**Data to use:**
· · · · ·
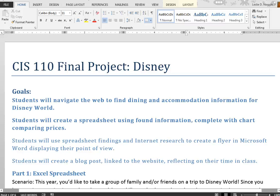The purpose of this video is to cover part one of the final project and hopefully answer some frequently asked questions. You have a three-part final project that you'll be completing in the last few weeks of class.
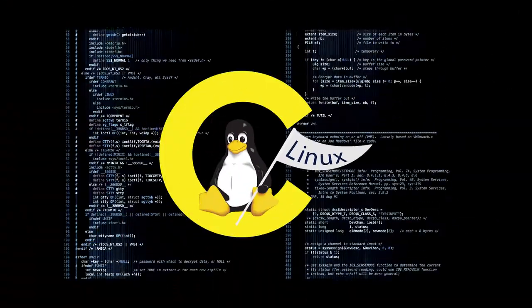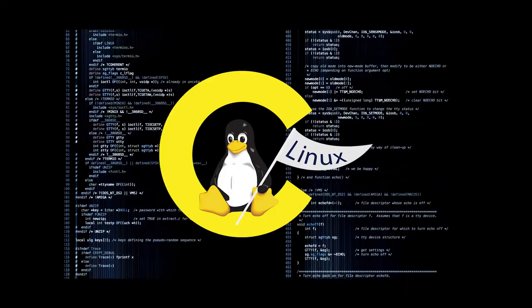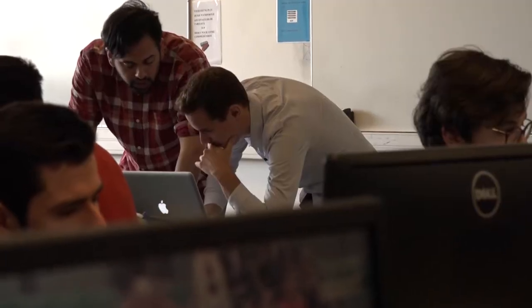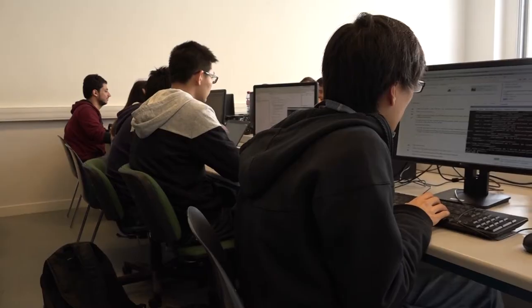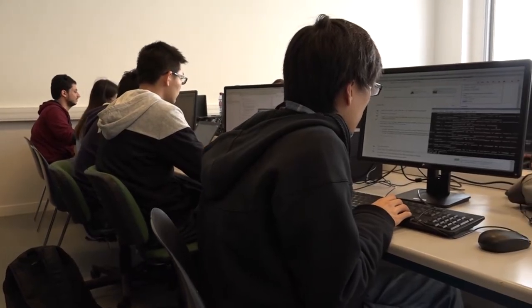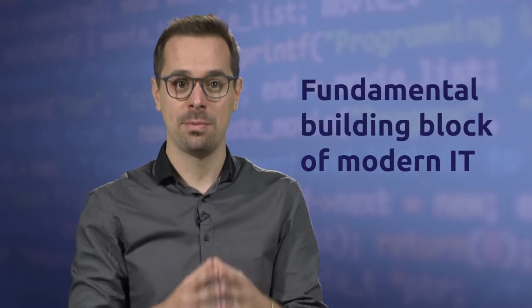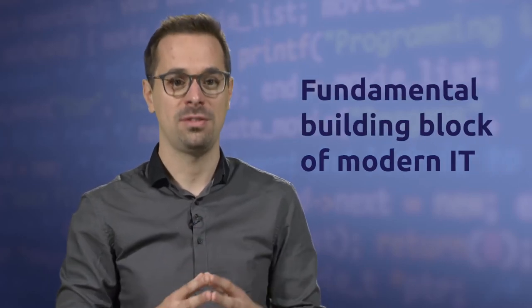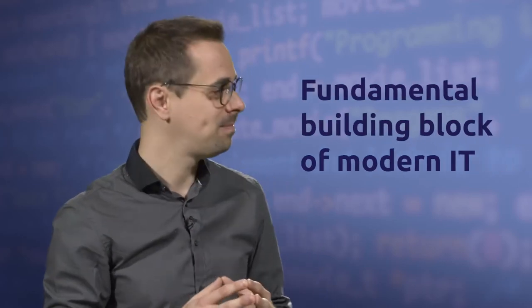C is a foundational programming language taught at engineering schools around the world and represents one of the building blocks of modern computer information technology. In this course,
· · · · ·
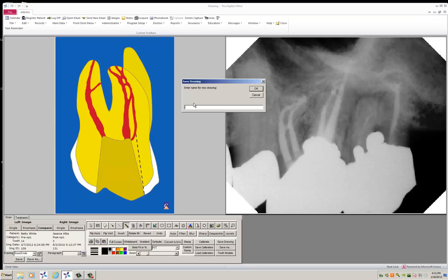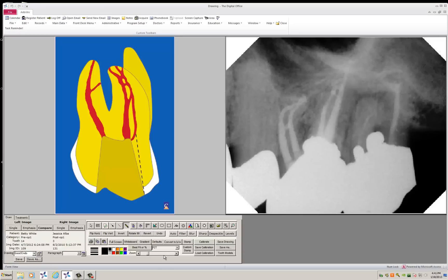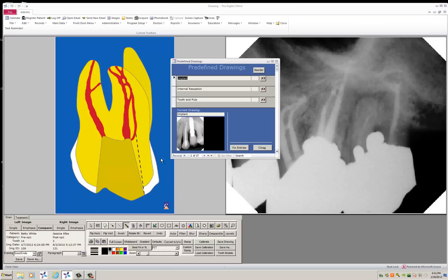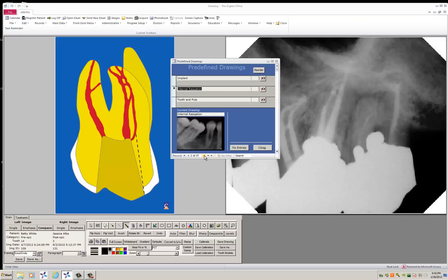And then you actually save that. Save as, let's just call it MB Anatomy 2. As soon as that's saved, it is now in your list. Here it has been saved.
· · · · ·
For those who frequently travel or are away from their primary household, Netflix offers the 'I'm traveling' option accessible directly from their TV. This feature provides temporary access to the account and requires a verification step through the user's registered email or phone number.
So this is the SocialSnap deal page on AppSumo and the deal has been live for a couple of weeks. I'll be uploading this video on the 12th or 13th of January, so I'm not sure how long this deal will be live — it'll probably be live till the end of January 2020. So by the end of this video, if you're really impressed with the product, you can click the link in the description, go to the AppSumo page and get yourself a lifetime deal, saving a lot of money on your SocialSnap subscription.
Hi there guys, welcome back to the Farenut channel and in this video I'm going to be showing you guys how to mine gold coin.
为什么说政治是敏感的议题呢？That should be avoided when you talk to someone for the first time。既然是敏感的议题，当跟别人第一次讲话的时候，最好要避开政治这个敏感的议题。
· · · · ·
**Aim of the exercise:** Extract the lines of the preceding material that run from the line with "So this is the" through the line with "为什么说政治是敏感的议题呢？That should be", inclusive, reproducing them exactly and adding nothing.

**Answer section:**
So this is the SocialSnap deal page on AppSumo and the deal has been live for a couple of weeks. I'll be uploading this video on the 12th or 13th of January, so I'm not sure how long this deal will be live — it'll probably be live till the end of January 2020. So by the end of this video, if you're really impressed with the product, you can click the link in the description, go to the AppSumo page and get yourself a lifetime deal, saving a lot of money on your SocialSnap subscription.
Hi there guys, welcome back to the Farenut channel and in this video I'm going to be showing you guys how to mine gold coin.
为什么说政治是敏感的议题呢？That should be avoided when you talk to someone for the first time。既然是敏感的议题，当跟别人第一次讲话的时候，最好要避开政治这个敏感的议题。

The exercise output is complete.